Ratings. Is it a bit sad that I check them a lot?

Thenaughtypen

Virgin
Joined
Jul 20, 2020
Posts
20
Hi,

Pretty new to erotic writing, but massively enjoying it. My second book, a historical novel, is just massively fucking hard work and I am stuck. This has proven to be an absolutely brilliant way to get the writing brain engaged and have some fun with new stuff. My normal may just get racier.

Anyway - I have a confession in that I am becoming a little obsessed with ratings. I don't have facebook, instagram, twitter or so on, but I understand the culture of likes and follows, and how easy it is to be seduced.

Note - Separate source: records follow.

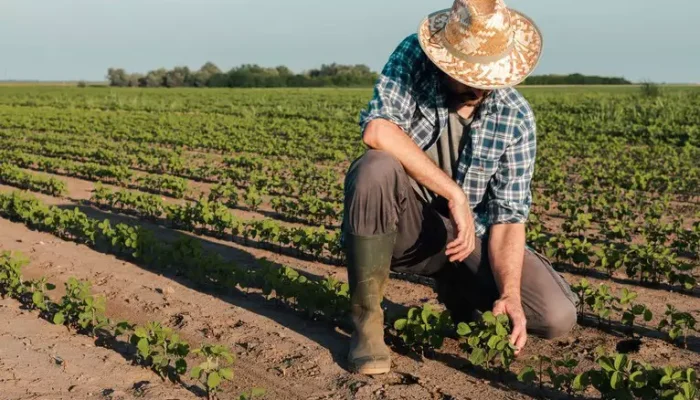 Foto: Arquivo/Ministério da Agricultura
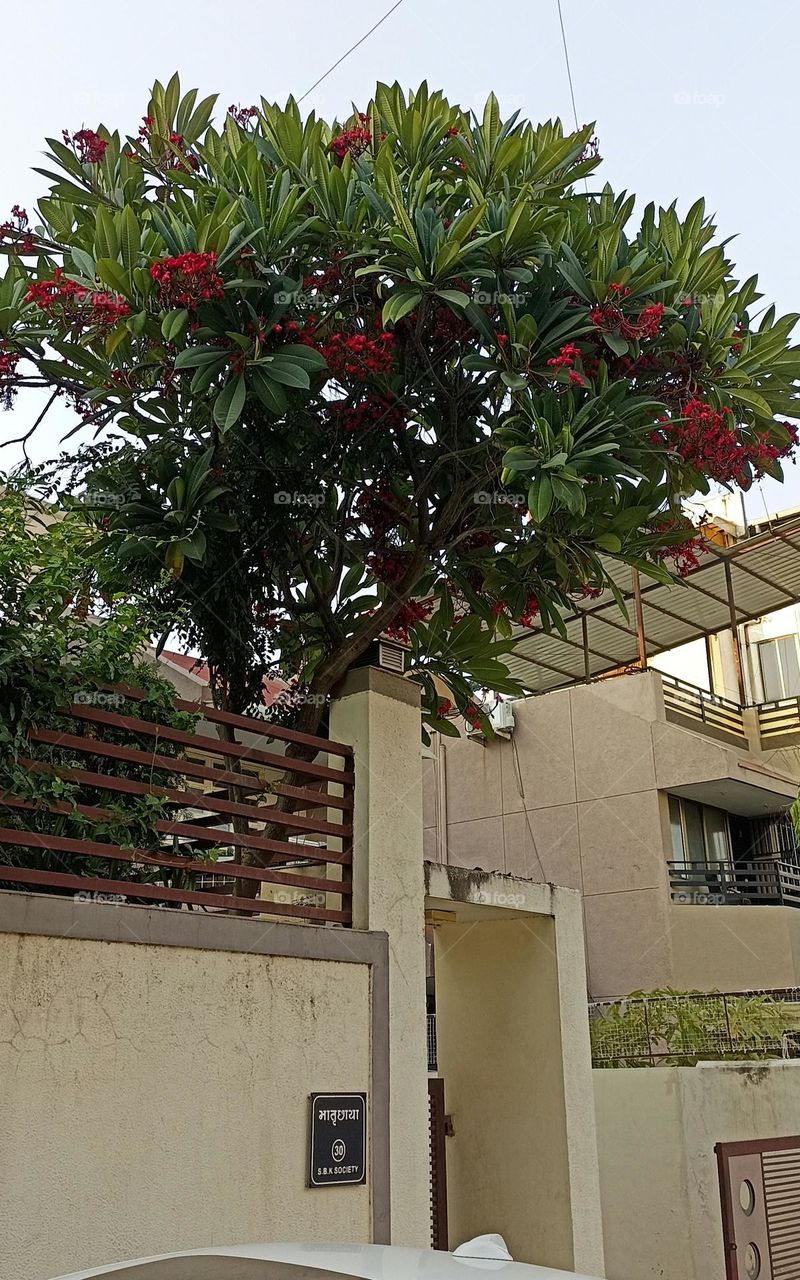 Red frangipani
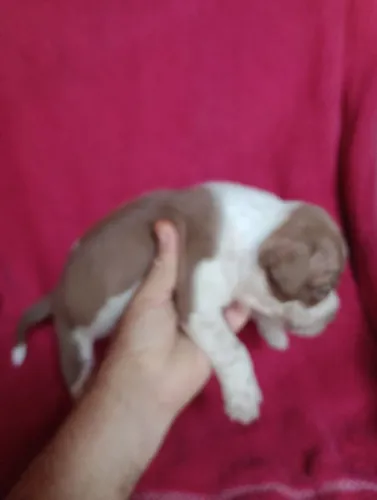 Pit Bull Américan Bully stand fêmeas 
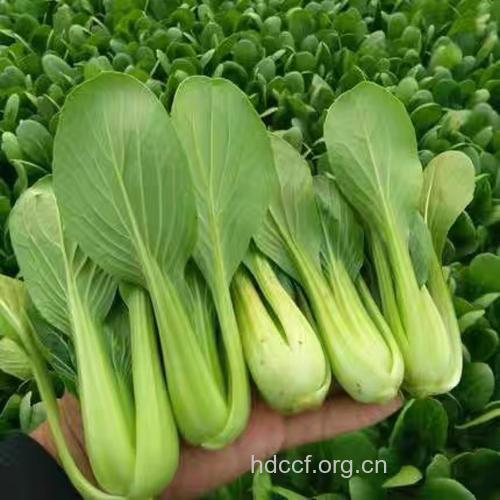 油菜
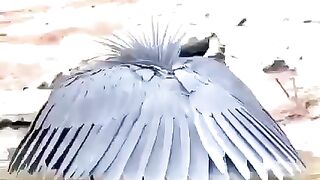 amaizing flower bird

So - how do other writers feel? Do they matter? Can you shrug off disappointment of someone who doesn't like what you think is good? Do you write for the crowd because of the ratings?
 
No, it's not sad at all. I think we all, when we were first starting out here, checked them continuously. I did, in the beginning. Now, meh.

As I write for myself and write what I would like to read, I have found myself not giving a crap about ratings. Although they are nice when they are above halfway.

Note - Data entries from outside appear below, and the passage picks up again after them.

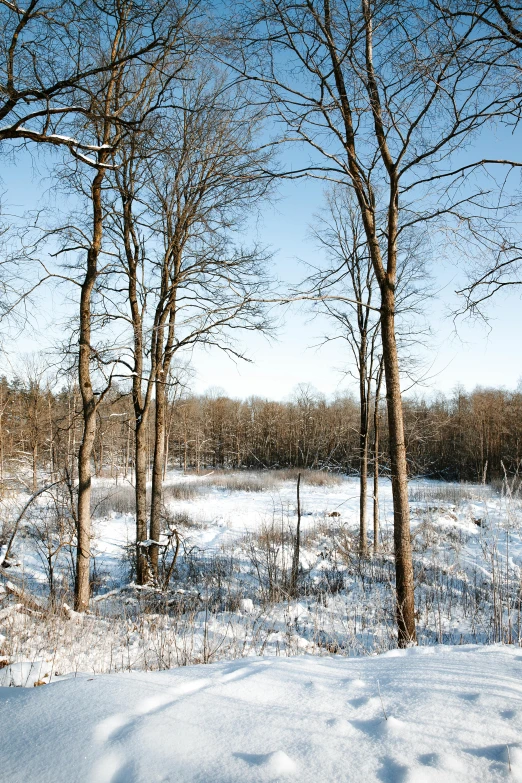 trees in winter near some snow covered ground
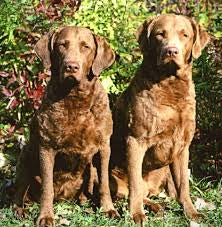 TFH Chesapeake Bay Retievers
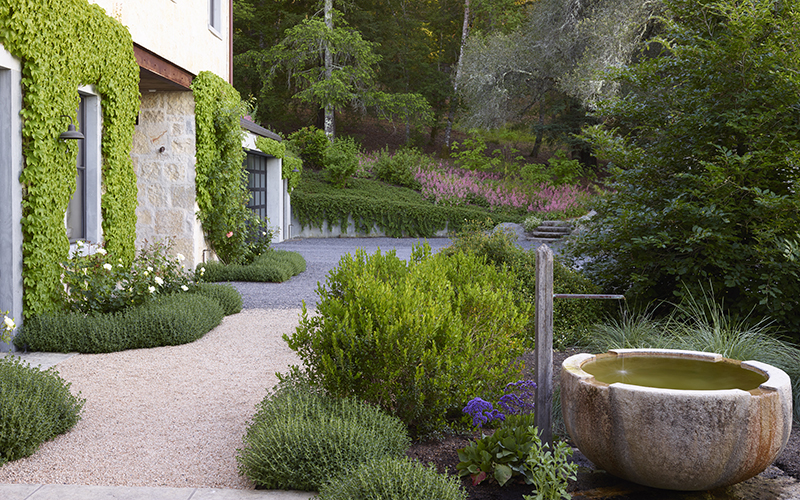 gravel pathway through mediterranean garden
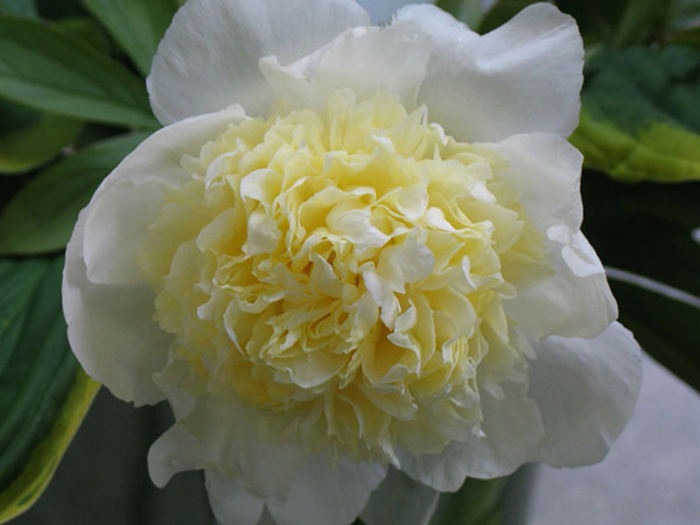 Primavera - Bujori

Good luck with the book and welcome to the nut house. ;)
 
I’d agree with the sentiment from ZEB. In some cases you may get a lower rating but in my cases I kind of expected it. It’s a bit different for me anyway as I am writing primarily an ongoing series, I typically have very short 1 Lit page long chapters. Often for that length there may not be much erotic or explicit sex but it’s advancing character relationships or a few new bits of plot. I did start tracking more for interest but now only check about twice a month. Unless recent chapters the score does not change much anyway so if I am happy with the score or even if not as long as the plot and character advancement works I am satisfied with the submission. Brutal One
 
I’m also new here, and I do check mine a lot, and I do think it’s a bit sad :D

The thing is, the ratings change up and down over time, with sweeps and more votes etc. So it’s more a question of general level than the last decimal accuracy. It also stabilizes once there’s a certain amount of votes. But of course it’s addictive, especially the first votes when a new story gets published.
 
I am far from new here, and when a new story goes up, I still check obsessively, but once it has enough votes to stabilize a bit, I tend to just rely on a daily check up.
 
I have a confession in that I am becoming a little obsessed with ratings.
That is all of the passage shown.